A man selling cooked corn on the street. Two ladies are buying, while another lady, just exiting the make-up/perfume store, is looking.
I love living in Beirut, but you know the saying; ‘the grass is always greener on the other side.’ I wouldn’t mind living in Paris for a couple of years. Or Australia. Or the south of France. I wouldn’t mind trying some time eeking out a living in the tundra up in Alaska. I’d like to do the Iditarod one time. New Zealand has my interest too.
But as it is, my job & family dictate that I live here, in Beirut.
And although Beirut is mighty fascinating, there’s the regret of all these places I will never live in, all these things I will never experience. I can go there on holidays, but holiday is not the same as living.
A wooden fence usually indicates a new building will go up/is going up (in Hamra Street). They soon get plastered with posters of events and movies. My daughter is holding a pair of knitting needles we just bought; she wants to learn how to knit.

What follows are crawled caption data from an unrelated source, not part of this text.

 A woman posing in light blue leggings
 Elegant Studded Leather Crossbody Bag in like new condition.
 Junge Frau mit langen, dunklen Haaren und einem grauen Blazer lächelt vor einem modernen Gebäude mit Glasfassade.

Blogging, however, has opened up these places. I can now read other people’s experiences that live there. And when these bloggers post pictures of their daily routines (be it of snow shoveling the drive way in upper state New York, picking berries on the Yukon River, getting rid of hairy huntsman in Adelaide, Australia or the morning after the earthquake in Christchurch New Zealand), it is almost as if I am there myself. It satisfies – up to a certain point – the longing of being there myself.
And so I follow quite a few bloggers, most of them Dutch, who have left Holland and are living in places that I’d like to live sometime. Some of them are expats, but the most interesting ones are the migrants; those that have chosen to stay permanently in their adopted homeland.
Is there government power, or does the light indicate that they’re on generator? I never know the difference. Everyone’s power breaker is right in the open, wires go in all directions. Political posters, and a death announcement (left side) are stuck on the wall.
I find it odd that it is specifically the pictures of simple things that interest me most. Landscapes are always good ones, but the BBQ’s with family in the garden, the standing in line at the A & P and the decorated Christmas tree in the living room somehow display a much more ‘real’ version of life abroad.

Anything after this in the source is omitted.